With that in mind, I read with great interest an article by John Piper entitled, “Hillary, Bernie, Donald, and Me” in which he challenges baby boomers not to waste their retirement years. He opens the article with these thoughts.
At 70, I am energized to dream great things, because this year Hillary turns 69, Bernie turns 75, and Donald turns 70. My rising energy has nothing to do with their policies or character. It has to do with the incredible fact that all of them want to spend their seventies doing the hardest job in the world.
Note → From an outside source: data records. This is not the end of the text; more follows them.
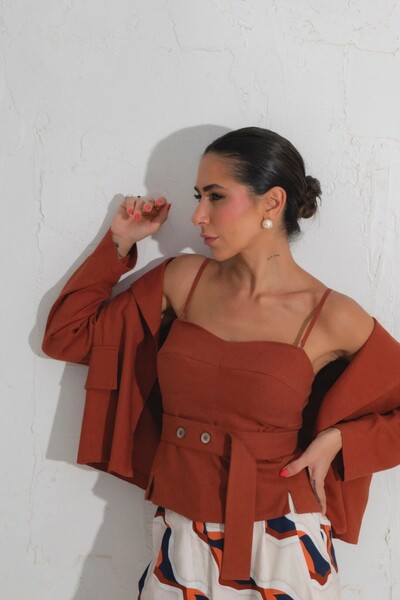 Foto Blusa Linho Alça Removível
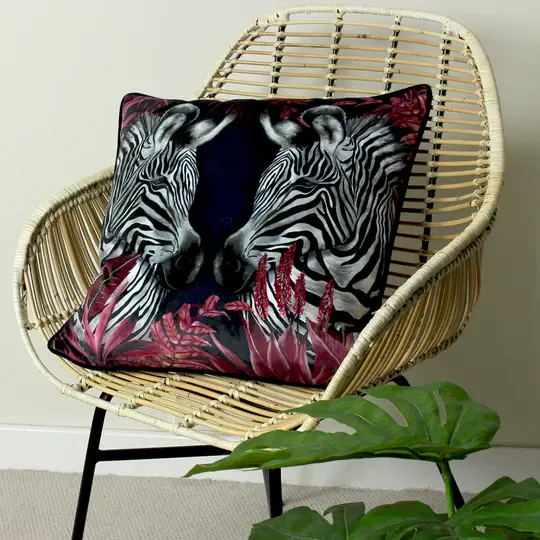 Riva Home Cuscino Decorativo Twin Zebra Lime – Velluto Zebrato 45x45 Cm – Progettato UK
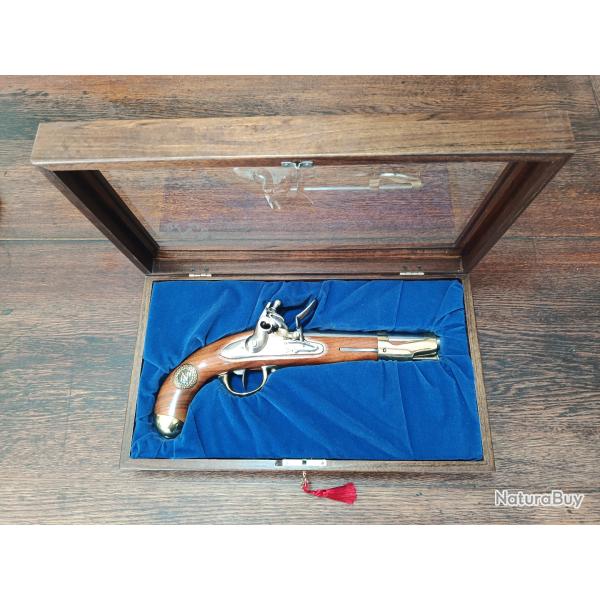 R�plique en coffret comm�moratif de pistolet de cavalerie - AN 9 ou AN IX - Pedersoli 2004 - TBE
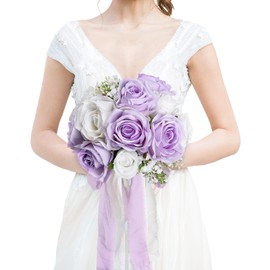 DIYDOFUN - Ramo de boda para novia, diseño de rosas artificiales simples prefabricadas para despedidas de soltera, ceremonia de destino, decoración de aniversario, color lila y blanco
This is wonderfully counter-cultural. I doubt that it’s motivated by a passion to magnify the greatness of Jesus. But that makes it all the more inspiring for me, because nothing gets me more excited than spending my seventies spreading a passion for the glory of Christ and his word. Paul is still my hero when he says, “My eager expectation and hope is that Christ will be magnified in my body, whether by life or by death” (Philippians 1:20).
So if Hillary and Bernie and Donald want to bear the weight of the world for the next four to eight years out of man-centered, philanthropic motives, I find my seventy-something zeal for Jesus heating up. They only get to be president of a tiny territory called the U.S.A. I get to be an ambassador of the Sovereign of the universe. They only get to change the way some people live for a few decades. I get to change the way some people live forever — with a lot of good spill-over for this world in the process.
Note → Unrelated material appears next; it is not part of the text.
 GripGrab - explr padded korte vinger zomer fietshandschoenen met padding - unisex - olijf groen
But this is not an article mainly about me. It’s about the 70 million Baby Boomers coming behind me. I’m the oldest (born in 1946; the youngest born in 1964). Ten thousand Americans turn 70 every day. And they will continue to do so for about nineteen years. Billions of dollars are spent every year trying to get us to waste the last chapter of our lives on leisure. I’m spending one afternoon to plead with the rising seventy-somethings: Don’t waste it.
Being in the center of the baby boomer generation, I’m one of the people Piper is addressing. I appreciate his perspective and agree that we need to redefine retirement.
Piper concludes with these words.
Make no mistake. The Bible believes in retirement. It’s called heaven.